TASK ITEM:
Beginning with the first line of the data below, set down each line exactly through the line that contains "A pale runner".

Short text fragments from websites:

● ● ● ● ●

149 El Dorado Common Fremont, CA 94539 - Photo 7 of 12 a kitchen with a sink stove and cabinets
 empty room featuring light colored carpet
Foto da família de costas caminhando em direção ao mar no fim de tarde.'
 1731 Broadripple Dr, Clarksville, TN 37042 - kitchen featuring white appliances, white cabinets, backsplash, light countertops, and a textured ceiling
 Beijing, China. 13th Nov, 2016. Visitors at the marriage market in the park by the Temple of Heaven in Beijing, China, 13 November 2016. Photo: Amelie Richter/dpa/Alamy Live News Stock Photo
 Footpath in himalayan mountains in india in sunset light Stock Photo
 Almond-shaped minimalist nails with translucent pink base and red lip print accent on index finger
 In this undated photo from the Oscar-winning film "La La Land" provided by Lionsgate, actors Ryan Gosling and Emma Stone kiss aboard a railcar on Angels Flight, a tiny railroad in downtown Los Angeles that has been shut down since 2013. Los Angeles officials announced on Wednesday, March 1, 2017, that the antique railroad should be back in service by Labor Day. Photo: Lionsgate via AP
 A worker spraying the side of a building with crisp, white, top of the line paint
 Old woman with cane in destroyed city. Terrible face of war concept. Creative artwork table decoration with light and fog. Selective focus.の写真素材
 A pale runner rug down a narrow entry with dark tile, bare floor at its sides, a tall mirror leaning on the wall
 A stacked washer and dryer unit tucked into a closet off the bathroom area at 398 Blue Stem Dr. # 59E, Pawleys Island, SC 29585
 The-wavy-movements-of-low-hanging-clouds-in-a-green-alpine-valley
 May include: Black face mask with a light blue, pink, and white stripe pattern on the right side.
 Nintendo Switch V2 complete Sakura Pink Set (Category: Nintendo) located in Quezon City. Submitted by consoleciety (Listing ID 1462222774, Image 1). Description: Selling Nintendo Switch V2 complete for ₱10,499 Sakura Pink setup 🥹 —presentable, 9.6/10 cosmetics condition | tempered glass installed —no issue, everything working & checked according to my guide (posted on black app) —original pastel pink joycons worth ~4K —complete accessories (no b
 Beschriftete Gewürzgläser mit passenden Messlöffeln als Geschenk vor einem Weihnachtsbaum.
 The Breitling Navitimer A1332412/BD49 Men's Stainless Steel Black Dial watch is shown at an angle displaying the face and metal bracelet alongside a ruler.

● ● ● ● ●

RESULT FOR THIS EXERCISE:
149 El Dorado Common Fremont, CA 94539 - Photo 7 of 12 a kitchen with a sink stove and cabinets
 empty room featuring light colored carpet
Foto da família de costas caminhando em direção ao mar no fim de tarde.'
 1731 Broadripple Dr, Clarksville, TN 37042 - kitchen featuring white appliances, white cabinets, backsplash, light countertops, and a textured ceiling
 Beijing, China. 13th Nov, 2016. Visitors at the marriage market in the park by the Temple of Heaven in Beijing, China, 13 November 2016. Photo: Amelie Richter/dpa/Alamy Live News Stock Photo
 Footpath in himalayan mountains in india in sunset light Stock Photo
 Almond-shaped minimalist nails with translucent pink base and red lip print accent on index finger
 In this undated photo from the Oscar-winning film "La La Land" provided by Lionsgate, actors Ryan Gosling and Emma Stone kiss aboard a railcar on Angels Flight, a tiny railroad in downtown Los Angeles that has been shut down since 2013. Los Angeles officials announced on Wednesday, March 1, 2017, that the antique railroad should be back in service by Labor Day. Photo: Lionsgate via AP
 A worker spraying the side of a building with crisp, white, top of the line paint
 Old woman with cane in destroyed city. Terrible face of war concept. Creative artwork table decoration with light and fog. Selective focus.の写真素材
 A pale runner rug down a narrow entry with dark tile, bare floor at its sides, a tall mirror leaning on the wall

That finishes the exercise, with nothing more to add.